When SSCC started their cultivation project in 2011, he knew that was exactly where he wanted to focus his passion for cannabis. He spent a year at the bottom of the ladder as the grunt worker.
“I actually lived at the warehouse for four years and I think that really helped me learn a lot as well. Just being there all the time,” he said.
The Village spent the first year following orders. Leaf picking and changing reservoirs were common activities. Eventually, as he spent more and more time caring for the plants, he picked up on what he believed to be some flaws in the cultivation process.
“I was reading like crazy on all the online forums, just trying to figure out everything,” he said. “I lived there and I didn’t have a life.” The Village guessed he would go into the grow room about 20 times a day back then.
Not long after, he took over the whole cultivation facility. Speaking to how he got his nickname, he said that the SSCC workers started calling the facility “The Village.”
“It was just a code word,” he said. “Instead of saying ‘Hey, we’re going to the grow,’ we’d say we were going to the village.”
The Start of Symbiotic Genetics
A big part of The Village’s program in the early years was being the caregiver for numerous patients and growing them a monthly supply of marijuana. He helped supply about a pound of cannabis a month for free to over 15 patients selected to be a part of their compassion program.
“We wanted to have them testify if anything ended up in court, but if it were in federal court it wouldn’t even matter,” The Village said. “I thought it was really cool when we started pushing CBD for them once I got a hold of a couple of cuts.”
The Village noted that well before he started going public with his brand, he was working with solventless hash enthusiast and medical producer Matt Rize. When Rize would post hash he washed from cannabis provided by The Village, he would list him as a private grower, allowing him to stay anonymous despite the good reputation the product earned.
“Me and him had a year or two where we were dropping insane ice wax,” The Village said.

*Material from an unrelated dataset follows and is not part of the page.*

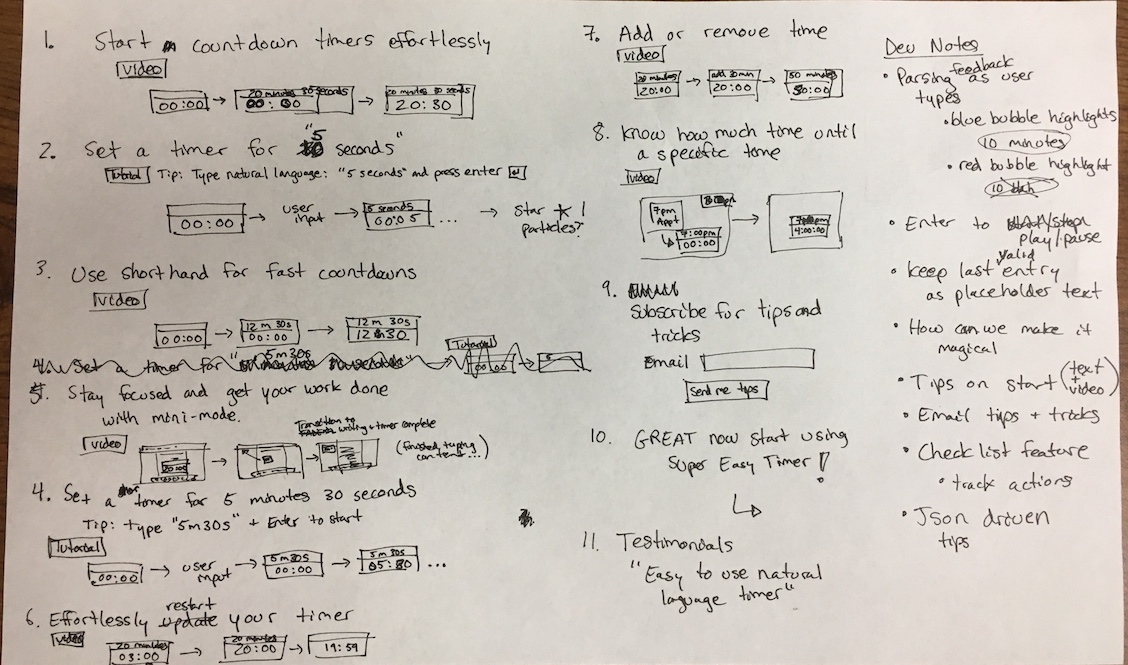 More Storyboard Details for the User Onboarding Process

Strains like Tangie and Sour Diesel were a hit with everyone lucky enough to score some.
“In LA we dropped Tangie for $200 a gram, and it sold out. We only dropped 10 or 20 grams, but the hype was real, and it was crazy,” he said.
At this point, The Village still hadn’t even started breeding, he was just networking and growing like crazy. He met ET Extracts around that time. ET connected him with Budologist, The Village’s eventual partner in crime at their award-winning breeding collaboration, Symbiotic Genetics. Budologist had a Pennywise cut he received from Geek Mike that The Village was keen to add to his stable.

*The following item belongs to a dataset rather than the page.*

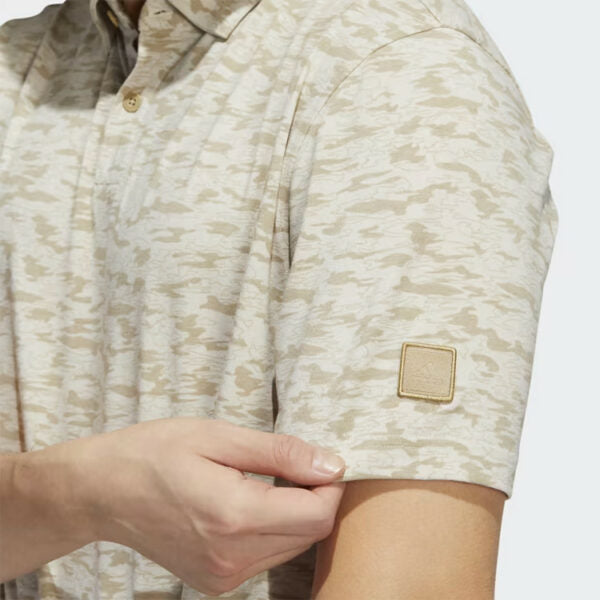 Adidas Men’s Go-To Camo Print Polo Shirt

“We eventually met up and I got the cut, and we became friends at that point,” The Village said. “Three or four months later, he went ahead and asked [the breeder behind] Supernova Gardens if he could give me the Purple Punch cut.”
Drink it In: The Rise of Mimosa
A couple of years after they met in 2013, Budologist approached The Village about starting the breeding project that would become the renowned Symbiotic Genetics. Budologist planned to find a Purple Punch male that shared as many traits as possible with the prized Purple Punch female phenos and go from there. After another round of blessings from Supernova, the two built out a two-light breeding room.
“It was in the seeds from the original batch that [Supernova] found the clone-only cut,” Budologist said. “Basically as soon as he gave me the seeds, it gave me the idea I wanted to do breeding. I knew I should pop the seeds and find a male to cross with the female Purple Punch.”
Before going on to stabilize Purple Punch in the room and provide seeds to the masses, the first breeding projects featured a Cookies and Cream male Budologist selected. The first crosses in the room — which, don’t worry, would eventually pump out champions — were Cookies and Cream x Forum Cookies and Cookies and Cream x Animal Cookies.
“Those didn’t work out because we had a lot of [hermaphrodites], and then we started the Punch project right after that,” The Village said. “We stayed in that two-light room for a while. Then once the Punch took off, when we dropped it, we were like ‘Dang, we don’t make enough seeds.’”
It would end up being roughly two years to get the seeds of the Purple Punch ready after the initial wave of excitement caused by the flower.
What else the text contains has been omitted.